__Work required__
Reproduce nothing beyond the line containing "Preparan en NY". From the first line of the data below down to it, copy each line exactly, without the pictures.

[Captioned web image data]
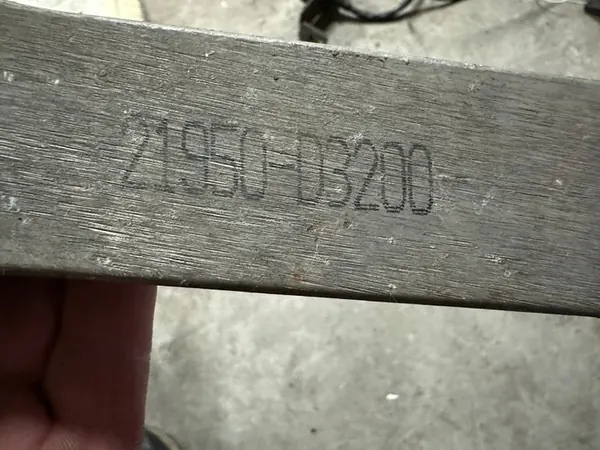 HYUNDAI TUCSON III Supporto motore 2.0 CRDi image 5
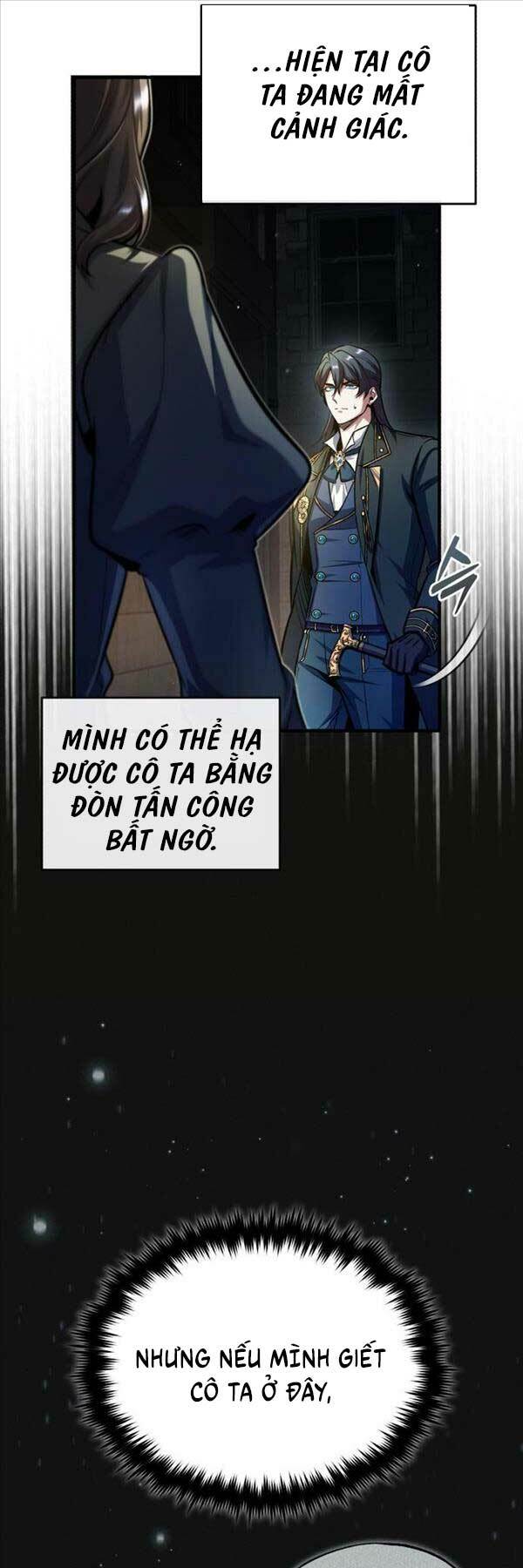 Giáo Sư Gián Điệp: Chapter 62
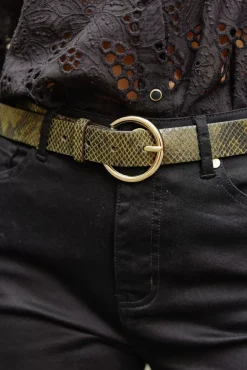 Femmes LA PETITE ÉTOILE Accessoires|Ceinture Dixon S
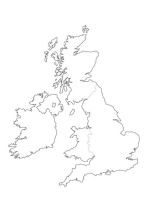 UK Map Preview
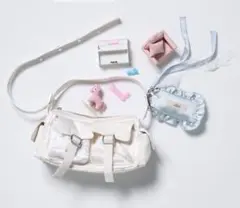 み*み様 Lure you in / Angel stitch bag VANI - メルカリ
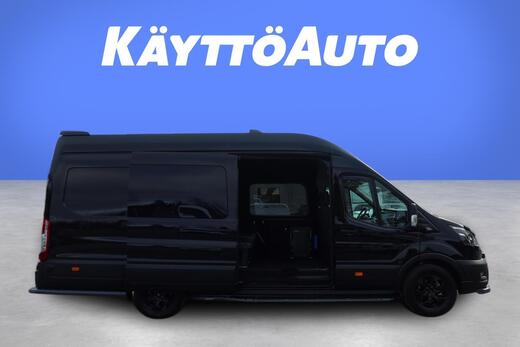 Ford Transit vaihtoauto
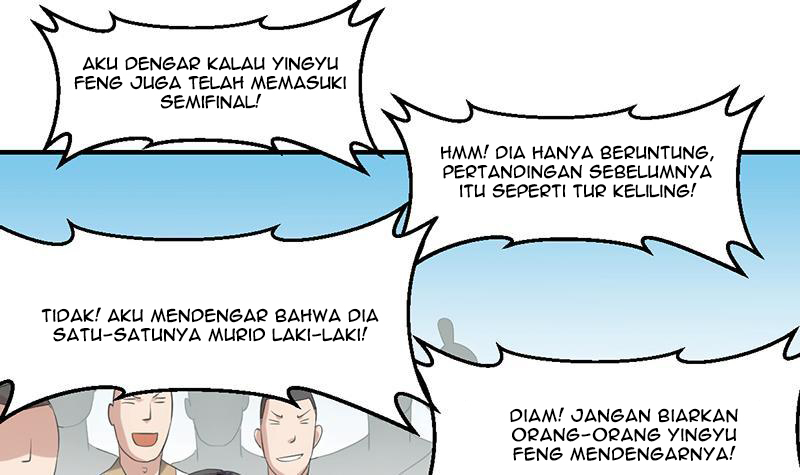 The Immortal Devil Emperor Chapter 76 - halaman 22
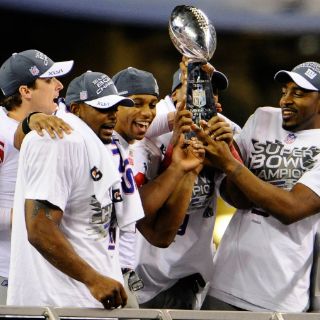 Preparan en NY desfile por el triunfo de los Gigantes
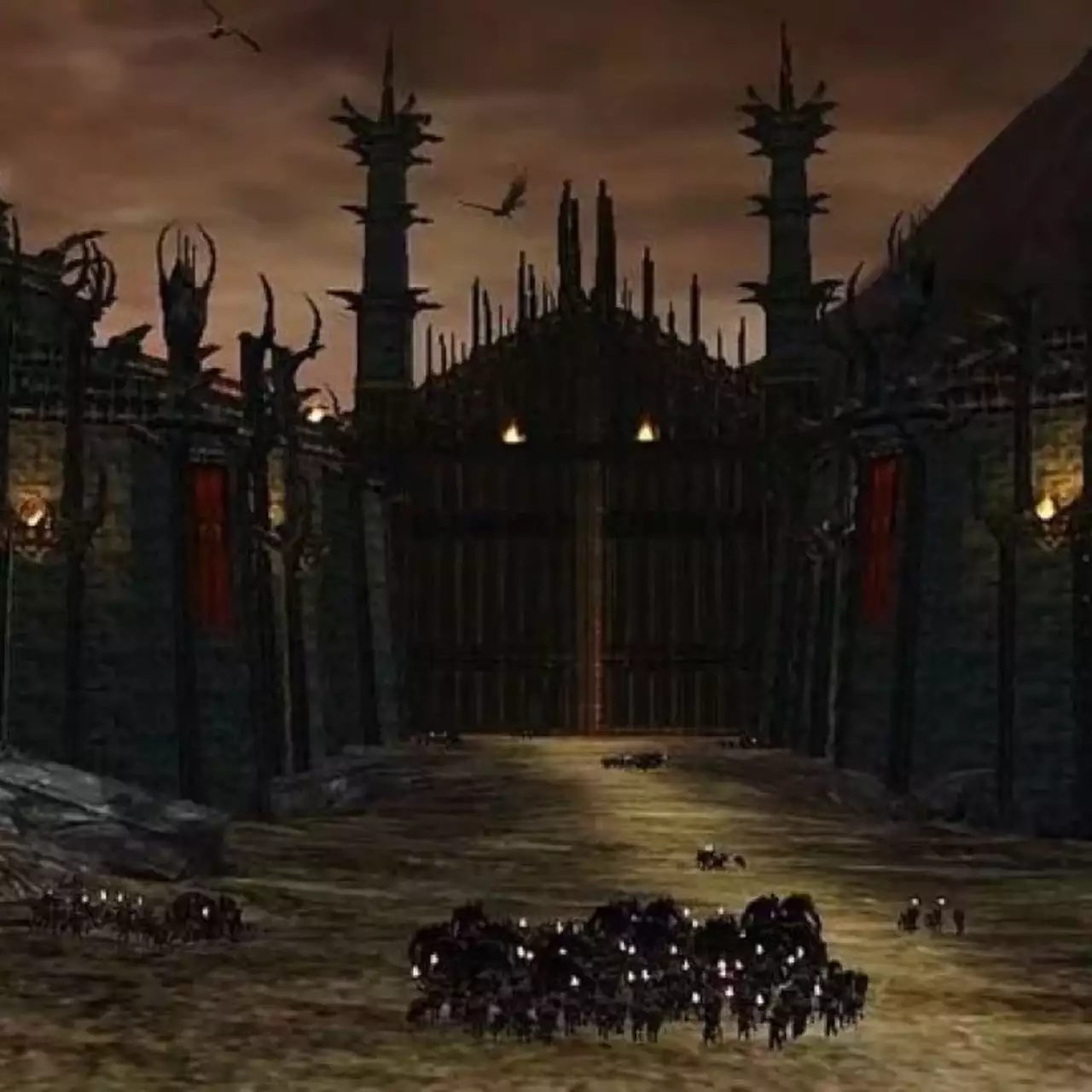 Выход расширения Lord Of The Rings Online: Mordor перенесен Выход расширения Lord Of The Rings Online: Mordor перенесен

__Task result__
 HYUNDAI TUCSON III Supporto motore 2.0 CRDi image 5
 Giáo Sư Gián Điệp: Chapter 62
 Femmes LA PETITE ÉTOILE Accessoires|Ceinture Dixon S
 UK Map Preview
 み*み様 Lure you in / Angel stitch bag VANI - メルカリ
 Ford Transit vaihtoauto
 The Immortal Devil Emperor Chapter 76 - halaman 22
 Preparan en NY desfile por el triunfo de los Gigantes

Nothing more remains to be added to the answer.